(411f) Understanding Hierarchical Structures within Aqueous Methylcellulose Solutions & Gels Using Multiscale Molecular Dynamics Simulations
AIChE Annual Meeting
2024
2024 AIChE Annual Meeting
Materials Engineering and Sciences Division
Polymer Networks & Gels III: Ionogels & Hydrogels
Tuesday, October 29, 2024 - 4:45pm to 5:00pm
Methylcellulose (MC) is a cellulose derivative where some or all the hydroxyl groups (-OH) are replaced by methoxy (-OCH3) groups. At low temperatures, commercial MC chains (with extent of methylation or degree of substitution or DS = 1.8) are soluble in water, while at temperatures above 323K, these MC chains undergo thermoreversible gelation, forming a gel network of semi-flexible fibrils. The fibrillar network makes MC chains ideal for applications as thickeners or stabilizers in food and drug formulations. Understanding the hierarchical structure and thermo-responsive assembly of aqueous MC that gives rise to the desirable properties has been the subject of many experiments and simulation studies in the past two decades.
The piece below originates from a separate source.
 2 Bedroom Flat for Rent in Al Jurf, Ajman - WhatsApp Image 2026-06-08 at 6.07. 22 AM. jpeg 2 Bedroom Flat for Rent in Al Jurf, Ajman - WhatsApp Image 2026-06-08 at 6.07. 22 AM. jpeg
Small-angle scattering data interpreted using analytical model and machine learning-enhanced Computational Reverse Engineering Analysis for Scattering Experiments (ML-CREASE) consistently show that the diameters of the assembled MC fibrils do not change with varying MC solution concentration (<3 wt%) and MC chain length. To understand why and how MC chains pack into fibrillar networks with consistent fibril diameters, we have conducted multi-scale molecular dynamics (MD) simulations. First, we used coarse-grained (CG) MD simulations in implicit water to reveal the self-assembly of MC chains. We found that the MC chains assemble into fibrillar network with consistent fibril diameters regardless of the concentration or chain length; further, in all the fibrils the MC chains align parallel to the fibril axis, with a few chains adopting twisted conformations. To understand the role of explicit water on these conformations, we then conducted atomistic (AA) MD simulations with explicit water. We observed that increasing temperature and methylation increases the twisting of MC chains suggesting the role of hydrophobicity and bulkiness of methyl groups in stabilizing the twists. We conjecture that the MC chain twisting entropically limits the number of chains that assemble into fibrils, and as a result, the fibril diameter is limited to a certain value regardless of chain length or concentration. In ongoing work, we are using these AA MD simulation results to reparametrize CG models of MC chains for varying extent and pattern of methylation along the MC chain to predict assembly and phase behavior for new designs of MC chains not yet studied experimentally.